Task statement.
The records that follow are to be reproduced exactly. Any pictures in them are left out.

----

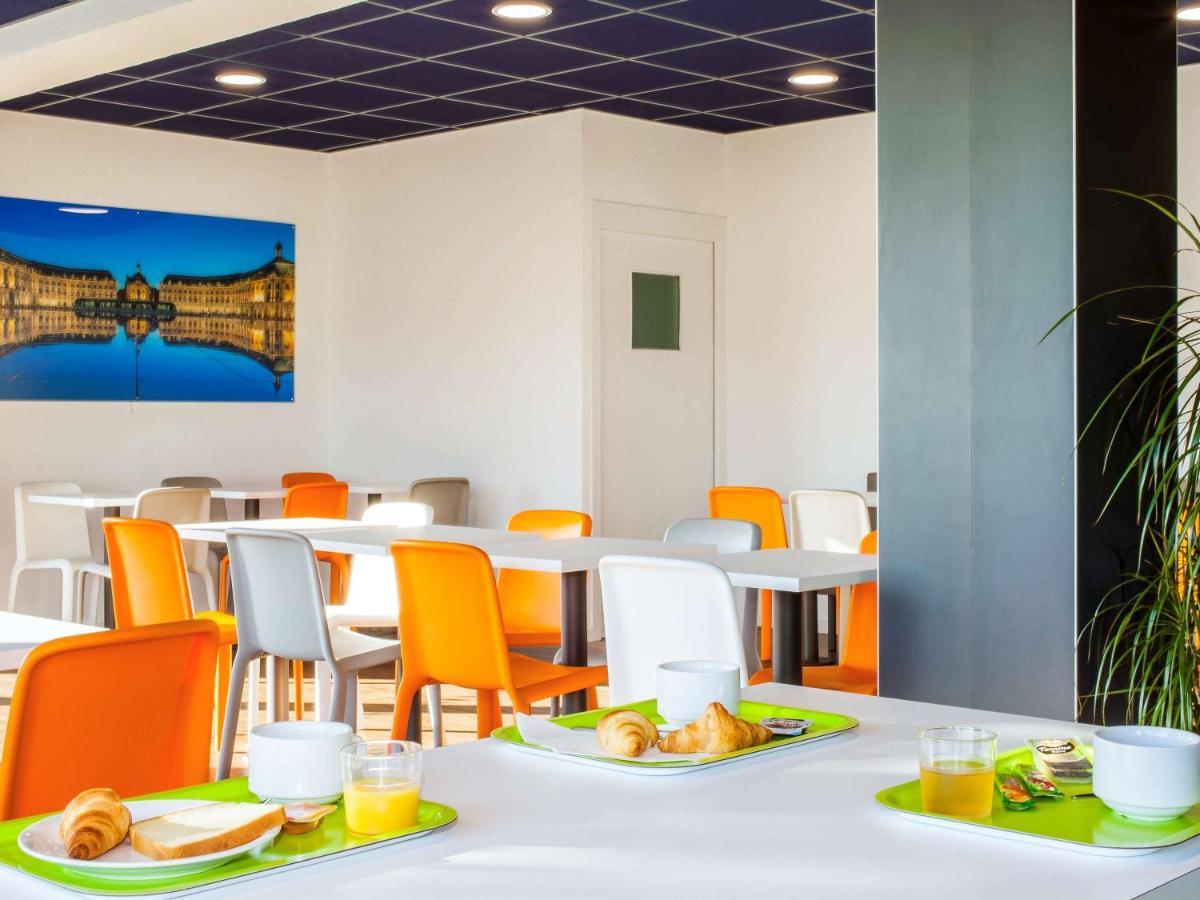 Ibis Budget Bordeaux Est לורמון מראה חיצוני תמונה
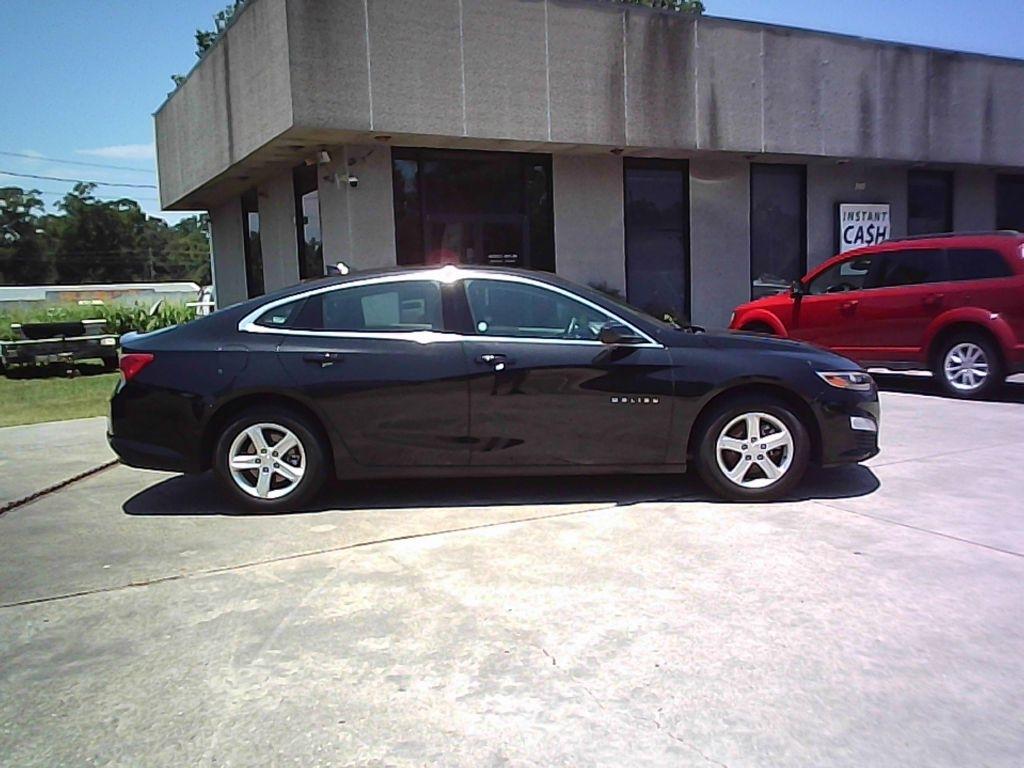 Chevrolet Malibu 1LT 2024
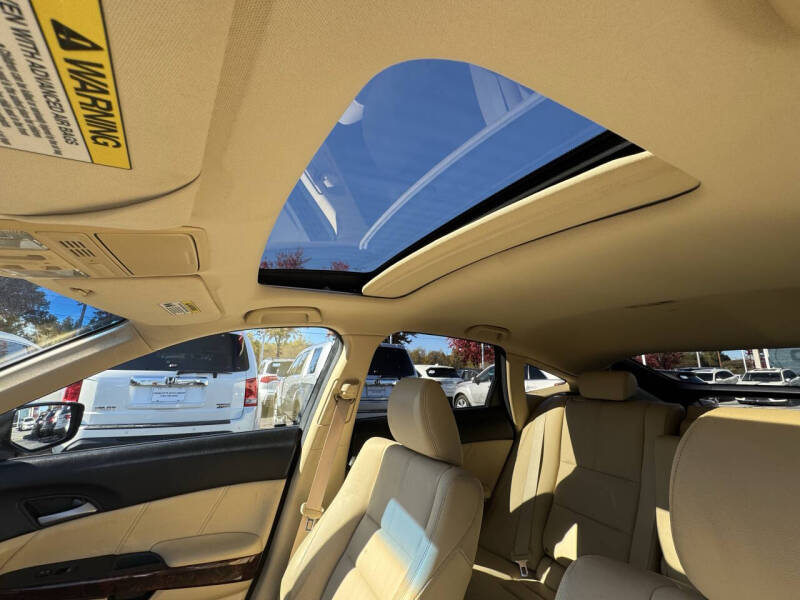 2012 Honda Crosstour EX-L V6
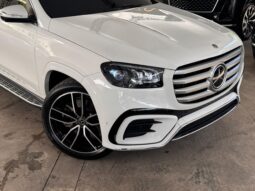 MERCEDES-BENZ CLASE GLS 450 AMG-PLUS 2025 lleno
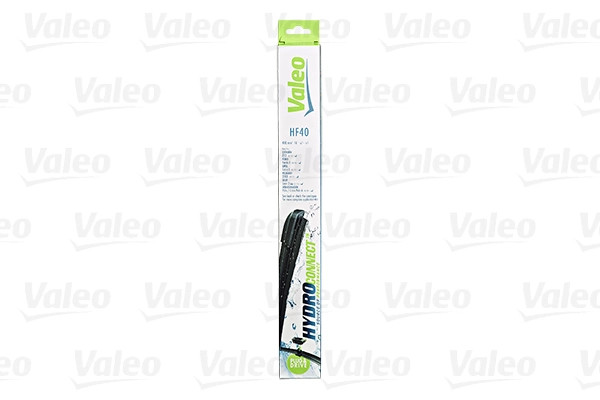 Valeo 578502 essuie-glace avant compatible OE 1611348480 noir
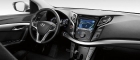 2011 Hyundai i40 (interior)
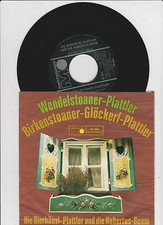 Die Bierhäusl - Plattler und die Hubertus - Buam - Wendelstoaner Plattler 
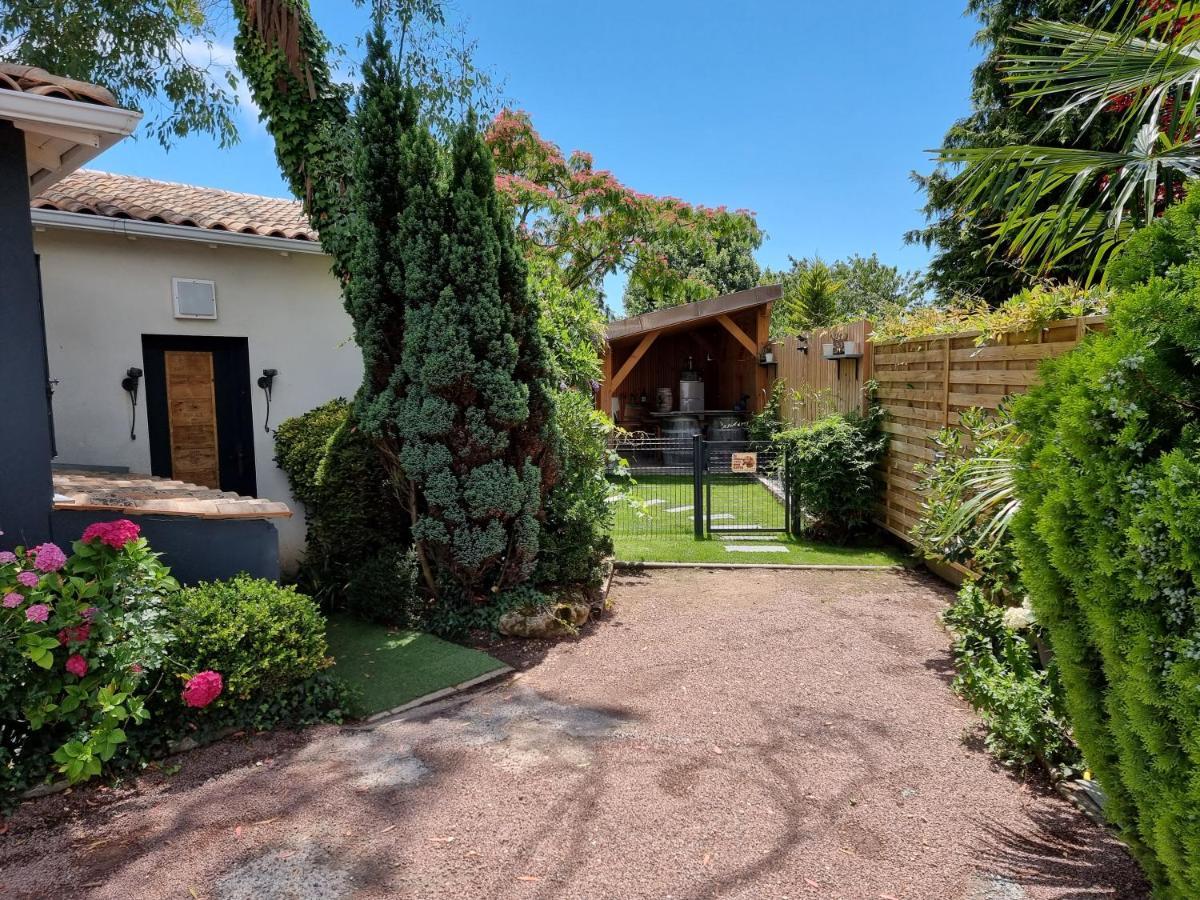 Le Clos Des Romarins Saint-Palais-sur-Mer Esterno foto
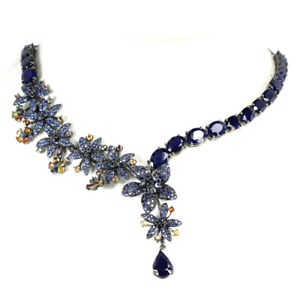 Collar Sapphire Fine Jewelry for Sale | Shop Designer Jewelry | eBay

----

Answer to the problem.
 Ibis Budget Bordeaux Est לורמון מראה חיצוני תמונה
 Chevrolet Malibu 1LT 2024
 2012 Honda Crosstour EX-L V6
 MERCEDES-BENZ CLASE GLS 450 AMG-PLUS 2025 lleno
 Valeo 578502 essuie-glace avant compatible OE 1611348480 noir
 2011 Hyundai i40 (interior)
 Die Bierhäusl - Plattler und die Hubertus - Buam - Wendelstoaner Plattler 
 Le Clos Des Romarins Saint-Palais-sur-Mer Esterno foto
 Collar Sapphire Fine Jewelry for Sale | Shop Designer Jewelry | eBay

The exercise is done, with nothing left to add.